The sun was high in the sky by the time that we finally all agreed to leave the Amber Room in its subterranean hiding place. We spent a long time trying to find a viable alternative, because it bothered the hell out of us not being able to find a practical solution to the problem. Unfortunately, we eventually had to face up to the fact that we were simply incapable of taking on such a huge operation: we would have needed, at the very least, a big team of specialized personnel, a battery of mechanical diggers, cranes, fork lift trucks and stuff, and a huge fleet of trucks to carry it away. Besides, where on earth would we be able to store it? Where could we hide, and keep in good condition, those enormous panels of golden amber which were over two hundred years old? Better to leave it all where it was, we decided - at least until we had managed to empty all the other works of art out of the next-door warehouse. We all agreed on that, right from the start. We needed to set up a regular schedule of visits to the Weimar tunnel network, going in and coming out at Buchenwald. In a year or two, we could shift everything that Sauckel and Koch had stolen and hid, and we wouldn’t have any problem at all selling such prime material on the more than extensive private collectors’ market.

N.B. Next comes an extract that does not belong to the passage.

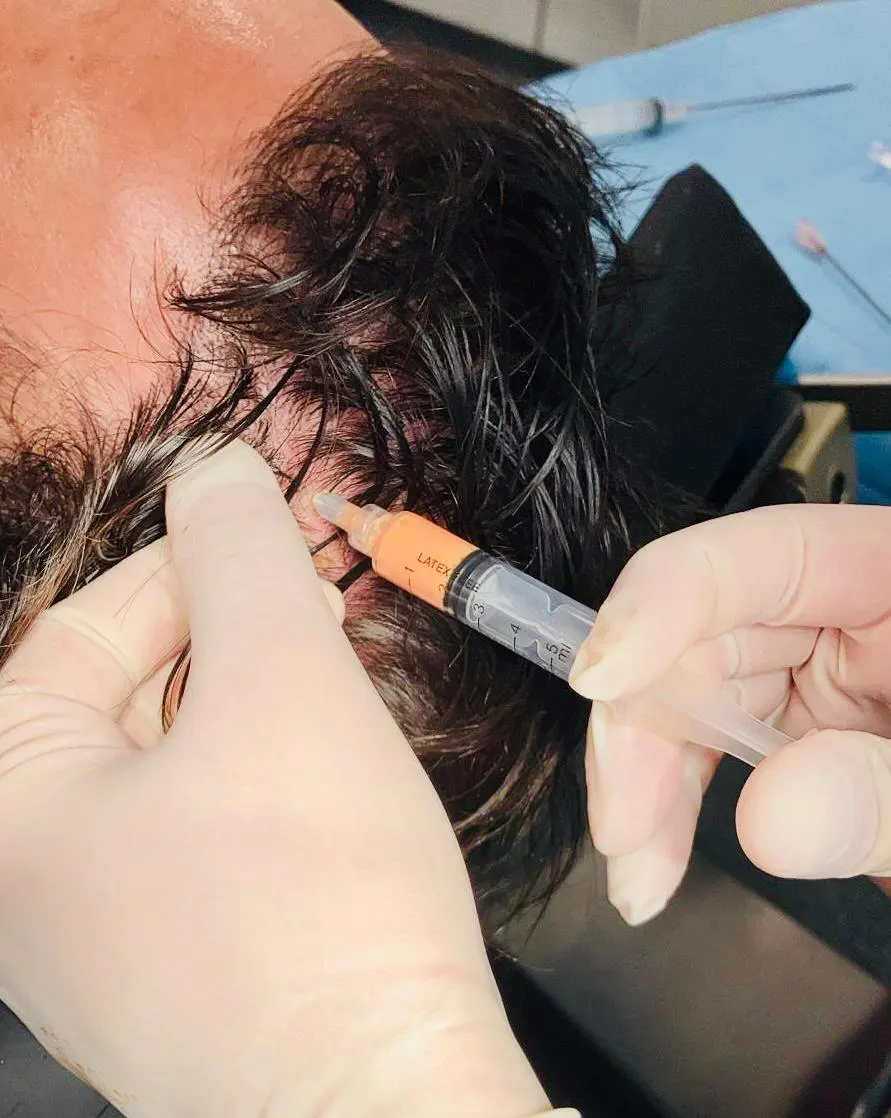 Trattamento con staminali contro la caduta dei capelli, intervento del Dottor Mattia Benedetti.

Donna raised the possibility of returning the Amber Room to the Russians anonymously, by slipping them the information of its whereabouts through a series of untraceable sources. But Läufer pointed out that this could provoke a major diplomatic crisis between Russia and Germany, who were already in a serious confrontation over what was known as Priam’s Treasure, which the German archaeologist Heinrich Schliemann had discovered in the remains of Ancient Troy in the late nineteenth century. It seems that, at the end of the Second World War, the Soviets had stolen everything that Schliemann had dug up and had claimed it all as spoils of war. So, in the end, it made more sense to everyone to avoid stirring up a hornets’ nest.

As a result, for the moment at least, the Amber Room was ours. Some day, maybe, it might be of some use to us. We might turn it to our advantage (not monetary, necessarily) or use it as a bargaining chip, as Erich Koch tried to do. Or, on the other hand, we could simply return it one day, if the circumstances were right. Only time would tell.

With only one vote against (mine), we also agreed to ‘rent’ one or two more cells from my Tía Juana at the Santa María de Miranda monastery. That way, my partners patiently explained to me, we could store the pieces we had already sold prior to their delivery to the end customers. Fine, I replied, but from now on, my aunt’s endless demands for money to fund the rehabilitation of her monastery would have to be met by the Group as a whole, not just by me. I was sick and tired of the way that bloodsucker only ever stuck her teeth into
my
throat. They agreed, of course, and I just had to swallow my more than mixed feelings about it. My aunt was about to get stinking rich, and that irritated the hell out of me.